K-12 -- Rethinking the Roles of Teachers -- Shifting from Teacher Centered to Student Centered Learning



 According to Johnson, Becker, Estrada, and Freeman (2014), K-12 classrooms are starting to shift from traditional to "flipped" classrooms.





 These "flipped" classrooms allow for teachers to move class time instruction to high order thinking skills. Bloom's Taxonomy is a classification guide for learning outcomes that is widely used by K-12 educators. These classifications work from lowest level thinking skills (at the bottom) to highest level thinking skills (at the top). The K-12 system has been highly criticized for its emphasis on standardized testing because of its unprecedented accountability requirements set into motion by the No Child Left Behind legislation of 2001 (Goodman, Shannon, Goodman, & Rapaport, 2004). Therefore, current Common Core pressure has been on increasing higher order thinking skill building to combat the perception that students have been taught how to test and have not learned content or thinking skills.

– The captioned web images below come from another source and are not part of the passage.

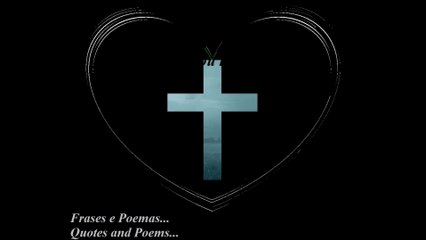 Everyone dies, glad that i meet with you [Quotes and Poems]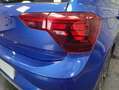 Volkswagen Polo 1.0 TSI Life 70kW Azul - thumbnail 13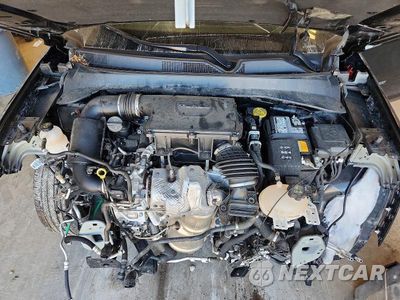 Zdjęcie 12 z 14 samochodu: 2024 JEEP COMPASS LIMITED VIN:3C4NJDCN6RT159106 - miniatura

  The goal of flipping classrooms is to begin to move classroom time from lecture based activities to higher order thinking tasks such as group activities, discussions, and student centered learning.

Bloom's Taxonomy's original triangle shows Remembering as the base of the pyramid, but it has also been flipped as the role of teachers is evolving. As the impetus of learning is shifting in the classroom from teacher to student, so too is the time spent in the classroom on the specific thinking skills. As the teacher was the center of learning, more time was spent on remember and understanding level thinking skills in the traditional classroom.

In flipped and more student centered classrooms, less time is spent in the remembering and understanding levels of thinking skills (names, dates, phonics, low level activities). As students assume more responsibility for learning, more time is spent on applying learning and analyzing and evaluating that learning to find deeper levels of synthesis and even debating the truth or bias of research in the evaluating level. In science, the creating level might have students creating multi-variable experiments and carrying those out over a period of time and even sharing those results with local stakeholders. Through the use of student centered classrooms, student engagement is increased and the use of technology and tools become integral pieces of equipment that assist and deepen the learning. This type of real life learning is termed authentic learning and is one of the solvable challenges shared in the Horizon Report.

References:
Goodman, K., Shannon, P., Goodman, Y., and Rapaport, R. (2004) Saving our schools: The case for public education saying no to "No child left behind". Georgetown, Ontario: Jaguar Book Group.
Johnson, L., Becker, S., Estrada, V., & Freeman, A. (2014). The horizon report (K-12 ed.). Austin, Texas: The New Media Consortium.